Sunday, February 23, 2014

What's in a Name?

Like many first-time authors, I'm caught in the middle of two pulls. The excitement of landing a publishing contract and launching a writing career wrestles with the fear of remaining anonymous, the fear that none will read my novel. Though the book hasn't even been published, with a website in my name and increasing social media presence I decided to Google search myself. I was surprised.

Who am I?
I showed up on the list, and my site was there as well, albeit number seven. The first hit was for a Chris Mannino who had died ( without typing Christopher- brings you to a memorial website) then there was an agent in Tennessee, a doctor with malpractice charges, and on and on... All this under a selection of mug-shot images, none of which was a picture of me.  My name is a common one, not a name I chose myself of course, but still I found this slightly disturbing. How can I make a name for myself, when I don't even have exclusive use of my own name?
I then started thinking less about my own name, and more about my characters. I;m not going to change my name, but every character name is completely up to me. In my first (unpublished) novel, I spent weeks and weeks agonizing over the perfect names.  In my earliest drafts, characters would talk to NAME1 or NAME2, since I couldn't bear to label any of the figures permanently.  

In School of Deaths, the main character was originally Billy Black. Black is a color associated with death and darkness, and I liked the alliteration. Billy is a name for a kid, a fun name. Then I switched the novel so it was told from a girl's perspective. I'm not completely sure where Suzie Sarnio emerged from as a name, perhaps a tribute to my own Italian heritage. 

Sometimes naming a character appropriately can be strange. In School of Deaths, a minor character is a figure called Athanasius. Athanasius is a goat-like figure who welcomes Suzie to the College of Deaths. His eyes are yellow like a lizard's, his face and hands look like a goat. He is the first Elemental Suzie meets; the Elementals are one of the major species in my world. After naming him, I went to see an eye specialist. The doctor's name, as he greeted me, was Athanasius. As the ophthalmologist examined me, I couldn't help but envision a pair of yellow lizard eyes staring at me, and hands like a goat's....

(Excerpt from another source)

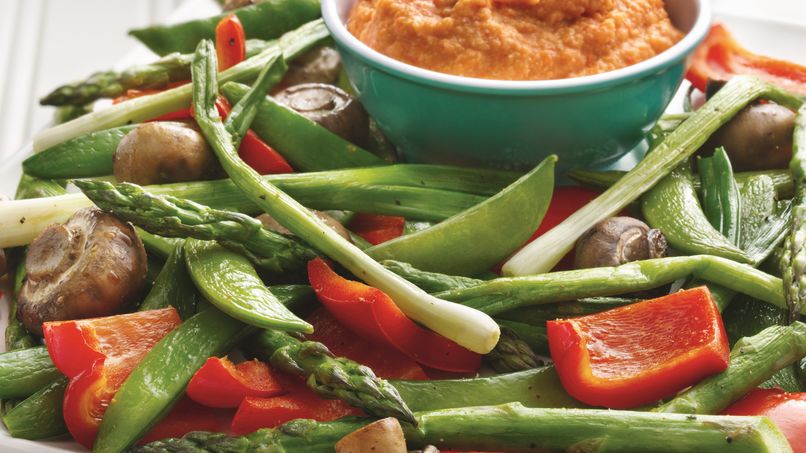 Roasted Vegetables with Roasted Pepper Hummus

How do you name characters?  


  1. Interesting post, Chris. I've never agonized over a character name. It seems like the first one that pops into my mind is usually the one I stick with, probably because it sounds more natural that way.

  2. That is one crazy story!(And funny too!)
    I too agonize over my character's names -- for some of them, I think I gave more thought than my own kids'.
    Depending on the story, I'll often give my characters a name that hints at their personality/attributes.